Wednesday, January 7, 2009

What’s Your Path? – a Gamer’s Perspective on Personal Development

In Dungeons and Dragons, you build a character to represent you in the game world; think of a character in your favorite book, and now imagine that you make the decisions for him in an interactive story. Normally, these characters can attain up to level 20 – the ultimate in the character’s development. And there are online sites devoted to building these ‘people’ to be the best they can, over a range of 20 levels. You see, if you choose wrongly at lower levels, it can impede or block later decisions, and limit your character’s potential. So you start at 20, and ‘reverse engineer’ your character.

Which got me thinking… Why don’t I do this personally? If I looked at myself ‘fully developed’, what would I like to look like, and how would I have gotten there? It was amazing to think about, and I’d recommend everyone try it. Start thinking like this:
• Describe your ideal self. Rich? In shape? Family? Job? No job? Where do you live?
• What skills would you need to have to get there?
• What experiences?
• What situations would you have had to get that experience?
• What things do you have? How did you get them?

When you’re done, you should have a pretty full sheet. I’d suggest separate paths for job/money, skills/job, situations/experiences, and people encountered or things. Work out a rough timeline of either cause and effect, or ‘by the time I’m 30 I will have…’ Put it in chronological order, and reverse engineer your path. Look at the timeframe – is it realistic? What do you have to achieve first? What do you have to do next? What do you have to be doing RIGHT NOW?
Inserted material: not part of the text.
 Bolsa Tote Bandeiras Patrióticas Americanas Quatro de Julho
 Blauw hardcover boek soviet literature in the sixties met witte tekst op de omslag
For example, once you’ve decided you want to own your own restaurant (for example), what do you have to do? You’ll need lots of experience as a manager, money to buy in, and a great location & menu. If you see your two children helping in the restaurant, it’s time to start thinking about that too. So get a job in management, or as a host, waiter, or even busboy to get started. Build up your experience and responsibility, and save all you can. Learn systems, and play out in your head when and how you will start your restaurant. Will you buy it from your boss? Start your own from scratch? Will a partner bring the opportunity to you?

The more you decide ahead of time, the more likely it will all come true. Once you know what you need, you’ll see every event in terms of your needs, and respond with your needs and plans in mind. If you envision living in a tropical climate, you’ll start looking for jobs there, talking to people who go there, and paying attention to possibilities to get there. Your friends and acquaintances will have heard what you want, and every time that place comes up, they’ll think of you.

You might not end up exactly where you want, but you’ll be a lot closer than if you don’t know. As Yogi Berra famously said, “If you don’t know where you’re going, you’ll wind up somewhere else.”